Special Issue Information

Dear Colleagues,

It is widely recognized that human populations are exposed daily to multiple chemical compounds in our air, food, water and consumer products, as well as noise and radiation, and that many low-income and racial and ethnic minority populations bear a disproportionate share of these exposures and lack access to green and blue resources. Significant research investments have been made to develop methods to assess the combined effects of multiple chemical and nonchemical exposures, and the literature on the cumulative health effects of joint exposure to chemical and social stressors is growing. However, little progress has been made to advance policy responses to scientific findings about cumulative impacts and risk.
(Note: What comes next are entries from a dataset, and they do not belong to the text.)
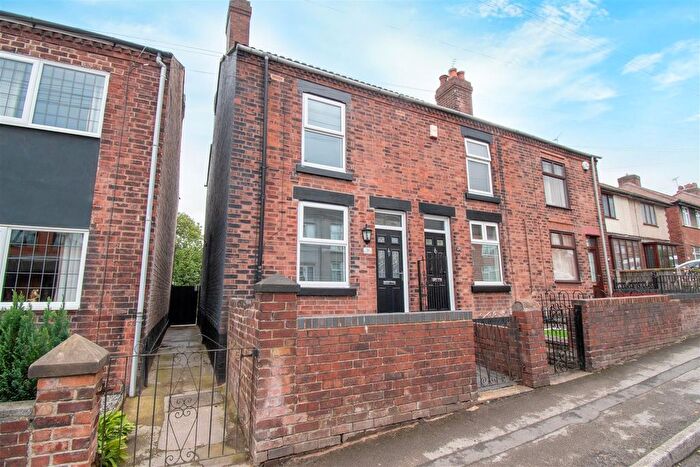 2 Bedroom End Of Terrace House For Sale In Meadow Lane, Alfreton, DE55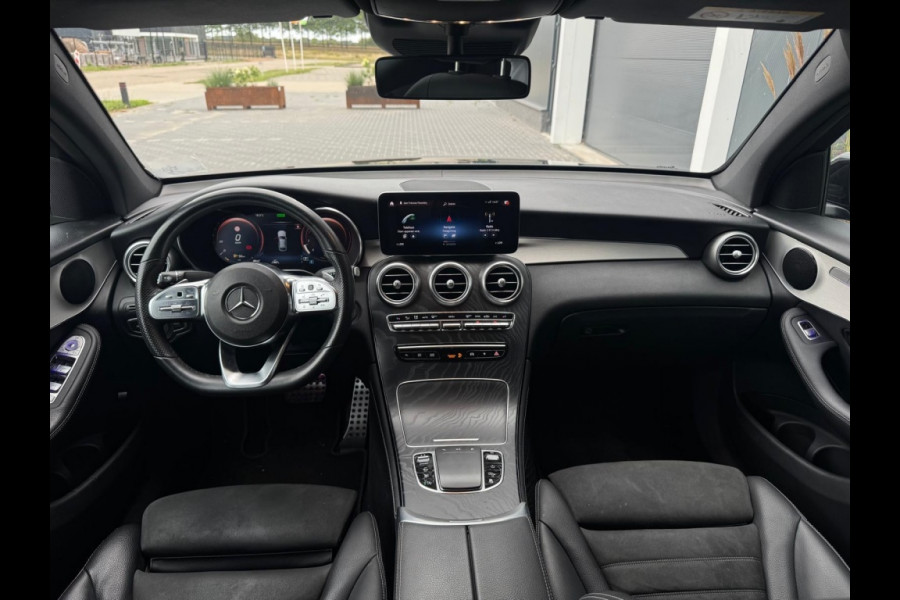 Mercedes-Benz GLC Coupé 200 Bus. Solut. AMG NAVI CAMERA PDC CLIMATE CR CONTROL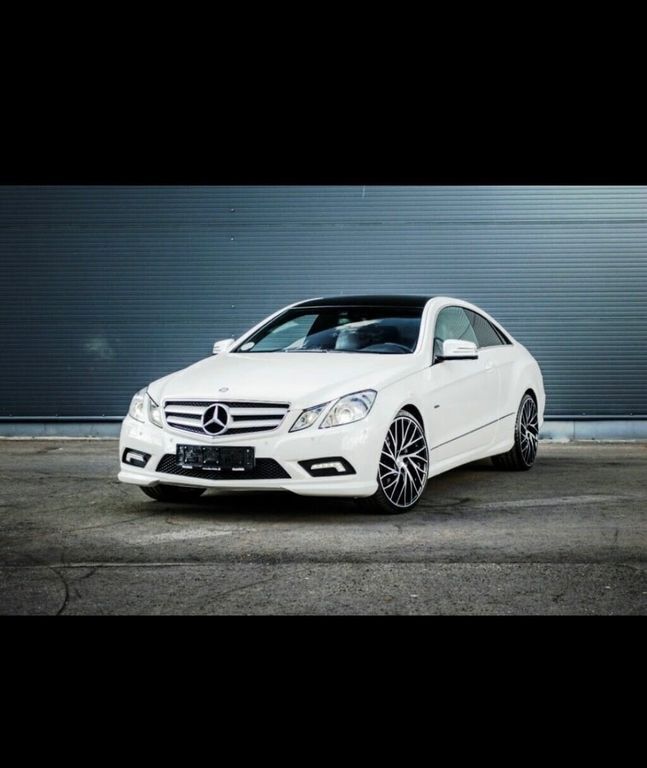 Weiß Gebraucht 2011 Mercedes E350 AMG line Coupé | 10.600 € (Superpreis) - Bild 1/4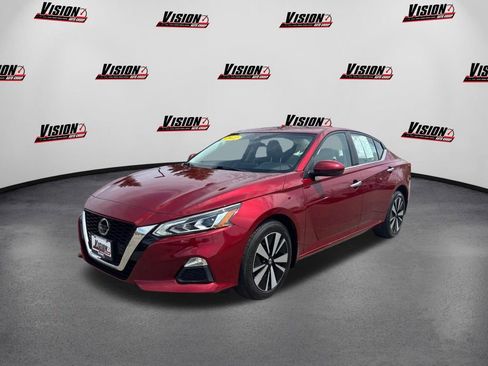Used 2022 Nissan Altima 2.5 SV w/ SV Premium Package AWD/4WD image 1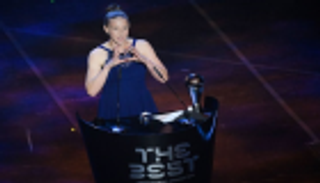 الهولندية فان فينندال تحصد الجائزة الأولى لأفضل حارسة في العالم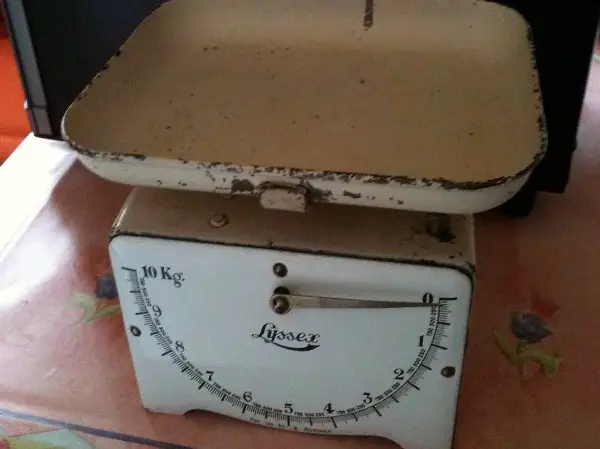 Küchenwaage mit Email Schild Scala 10 Kg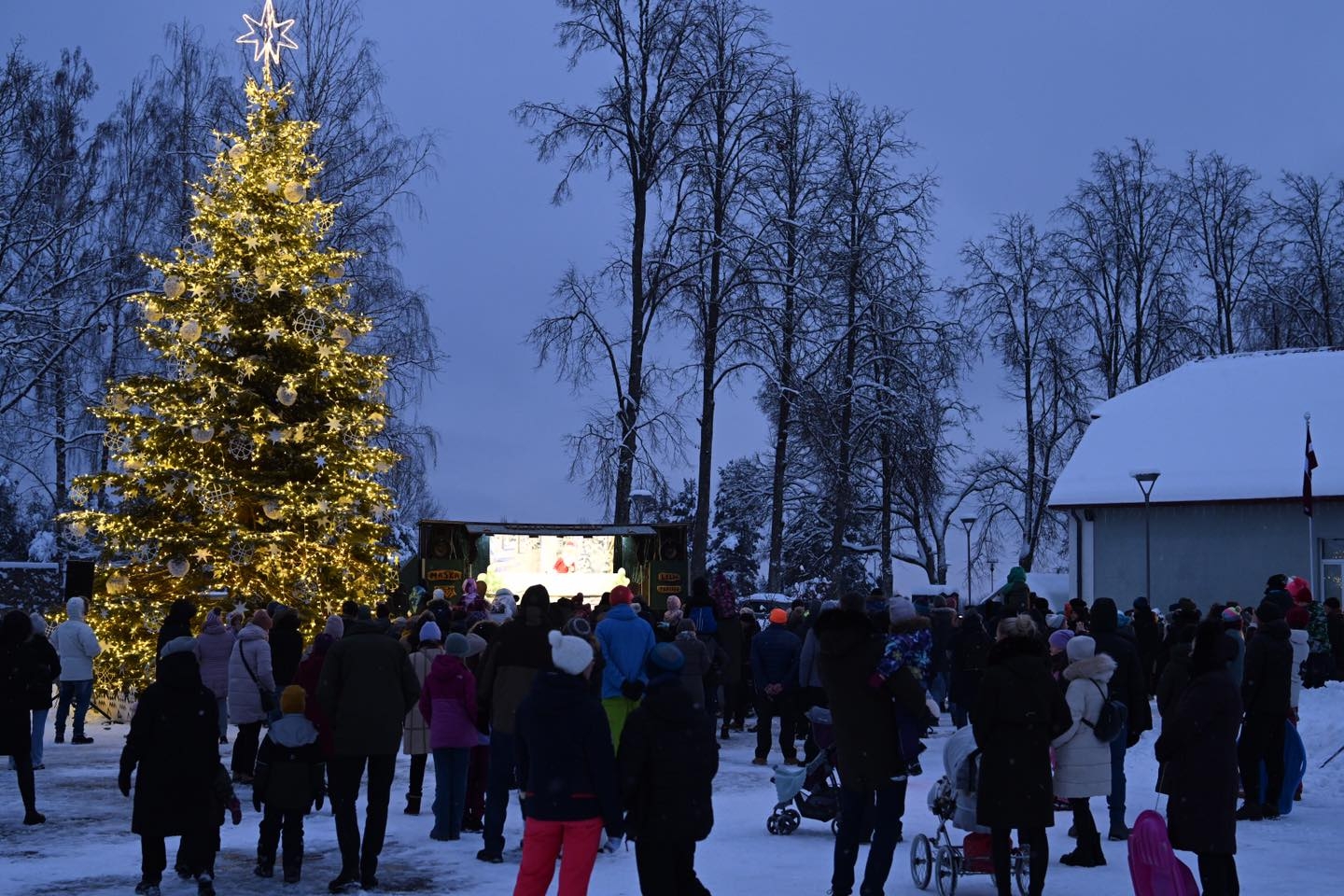 Ziemassvētku egles iedegšana Ikšķilē 03.12.2023.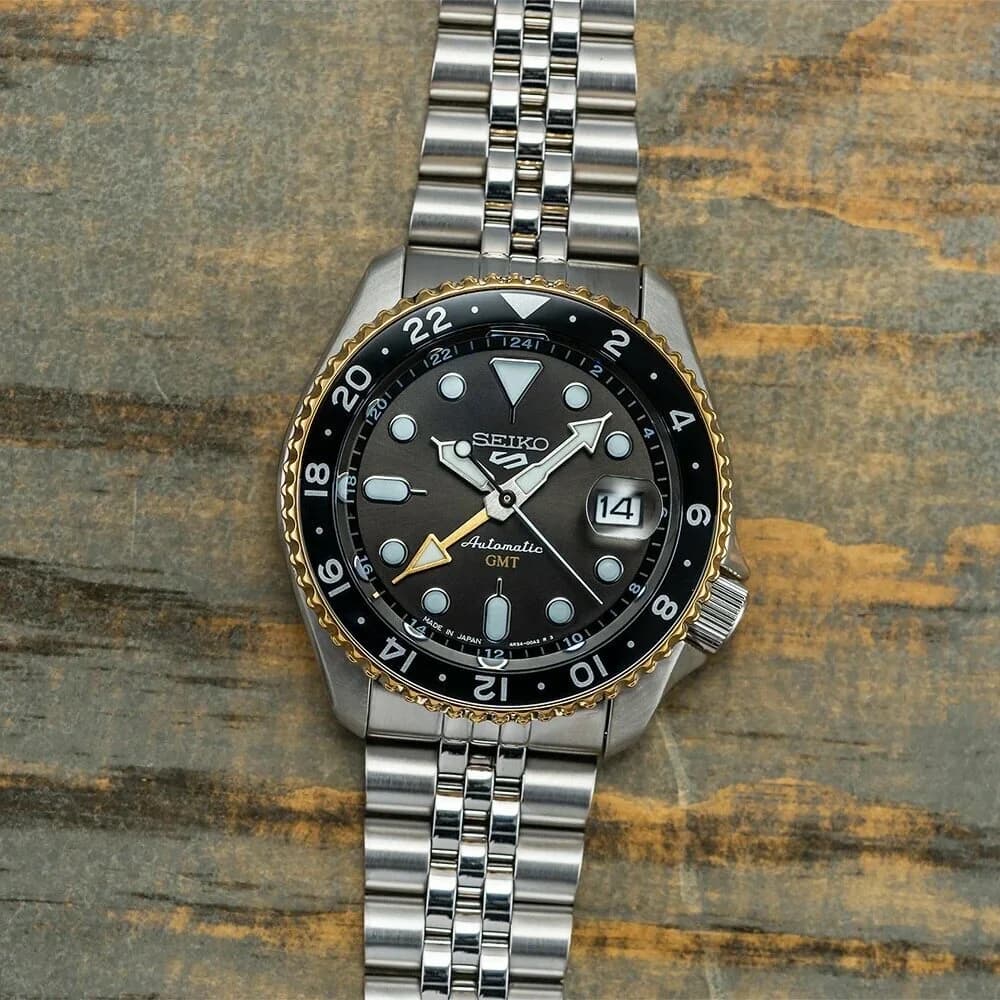 Fond du boîtier du garde-temps Seiko SSK021K1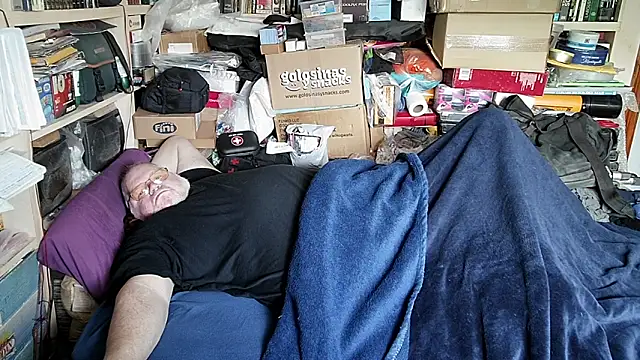 hadeszeuss2 online show from March 20, 2:44 pm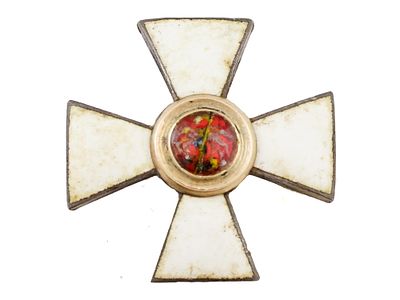 A WW1 RUSSIAN MINIATURE ORDER OF ST. GEORGE CROSS, CA. 1915. This miniature is executed in 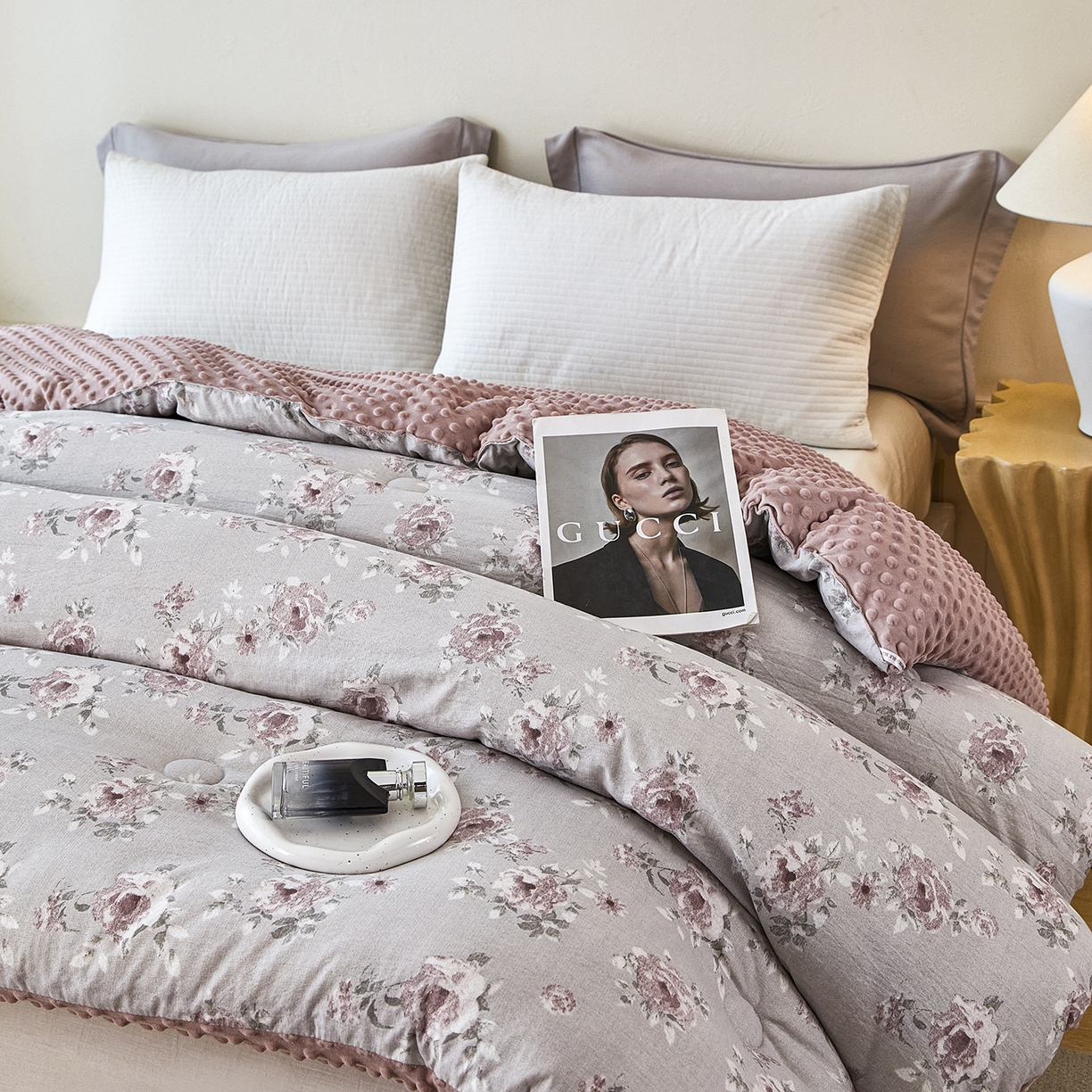 91家纺网 家纺一手货源 找家纺 缔锦家纺 2025新款亚麻豆豆被被子被芯 花汐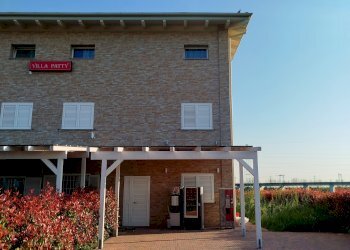 Porzione di casa Via Persicetana, 30, frazione Osteria Nuova, Sala Bolognese - foto 2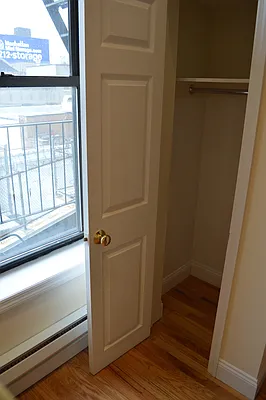 Rented by CoSo Apartments | media 22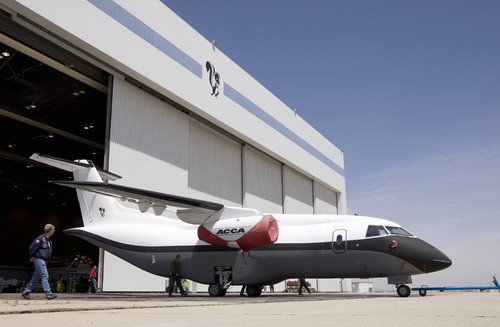 Zaprojektowaniem, wytworzeniem i integracją struktury ACCA zajęły się słynne zakłady Skunks Works, które wprawdzie nie brały wcześniej udziału w opracowywaniu samolotów transportowych, ale mają olbrzymie doświadczenie w konstruowaniu nowoczesnych statków powietrznych i wykorzystywaniu w praktyce nowych technologii / Zdjęcie: US Air Force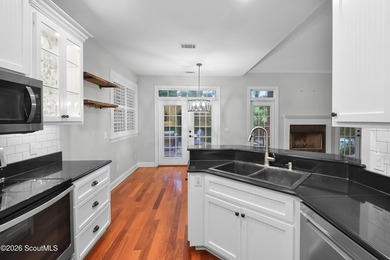 This wonderful open floor plan 3/2/1 has an awesome bonus room - photo 16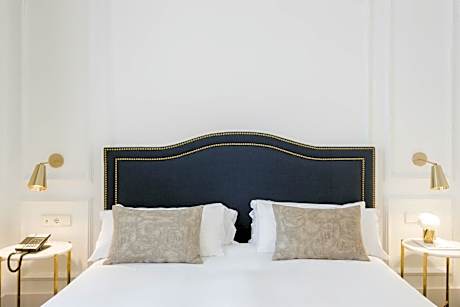 DOUBLE SUPERIOR WITH TERRACE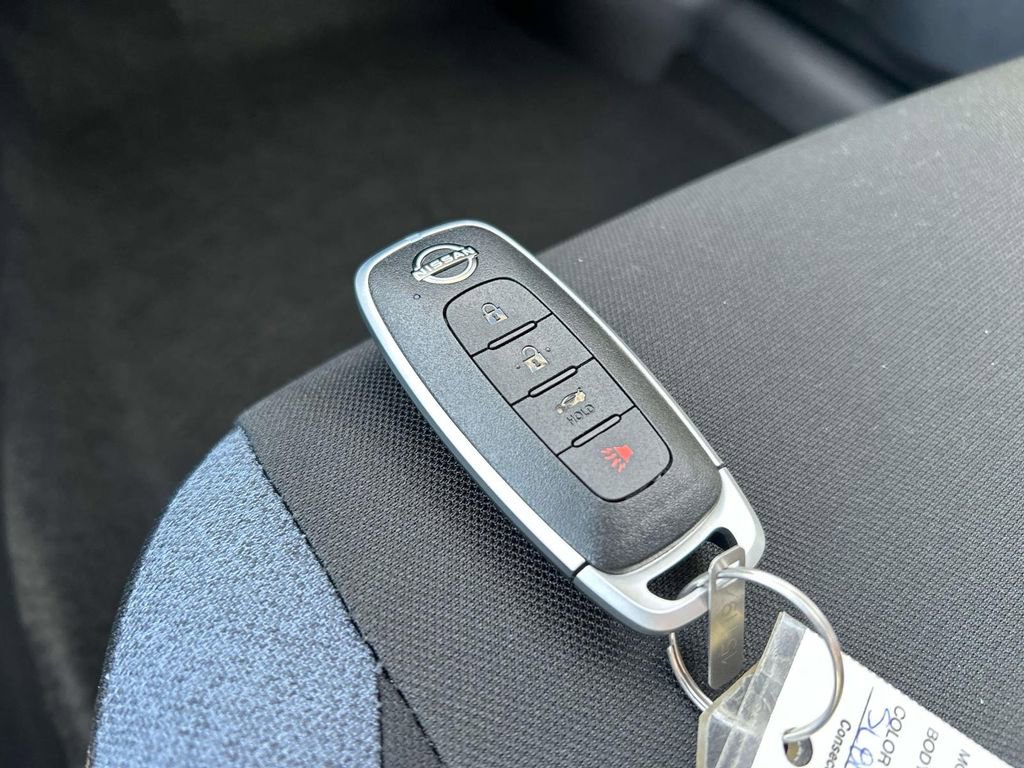 New 2025 Nissan Versa SV image 12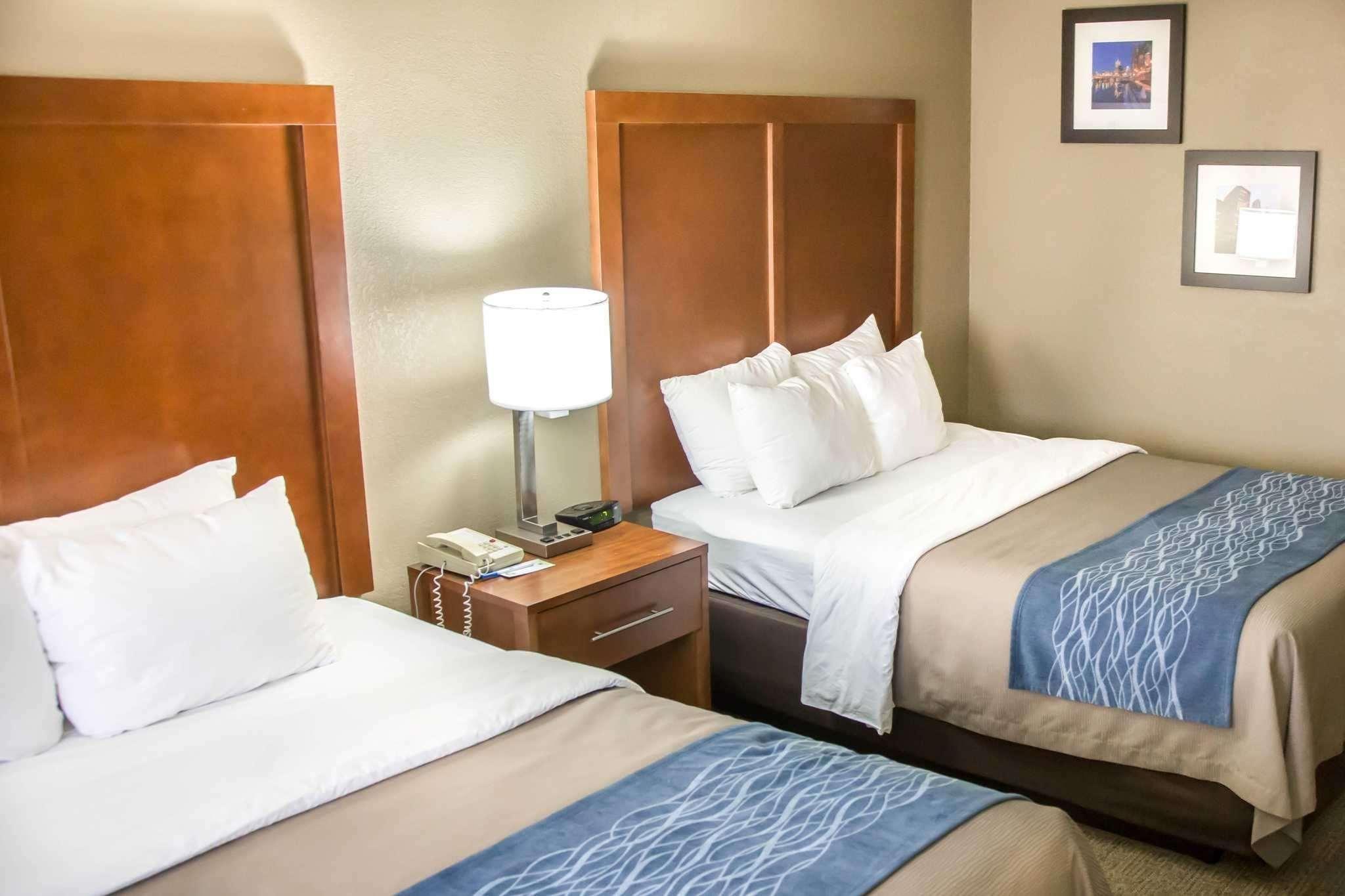 Comfort Near Six Flags Gasthof 3*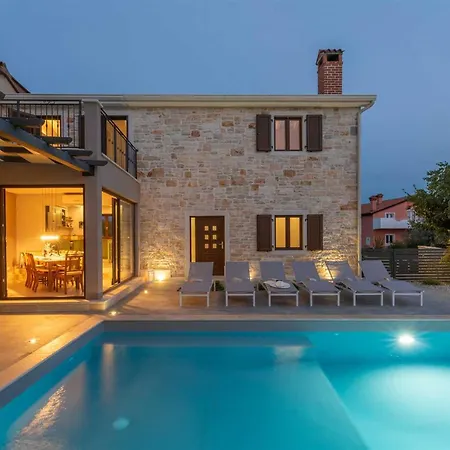 Rova By Kompas *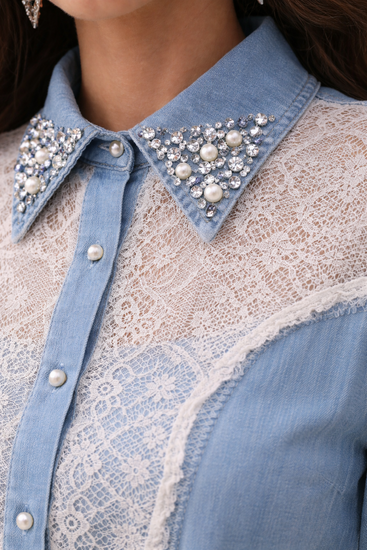 Luxe denim set met kant en sierlijke details – elegante city look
This Special Issue seeks original research articles, commentaries and systematic reviews on policies, programs, interventions and legislative approaches that are aimed at reducing cumulative (environmental health) risk and multiple environmental health burdens among human populations, particularly among racial/ethnic minority, low-income and marginalized populations. In short, our question is, What works to reduce multiple environmental health burdens, disproportionate impacts and environmental injustice? What works to reduce multiple chemical and nonchemical stressors among communities and human populations? What works to reduce multiple environmental stressors (chemical, physical, biological, social) among communities and human populations? How could interventions be linked to the existing system of (environmental) politics?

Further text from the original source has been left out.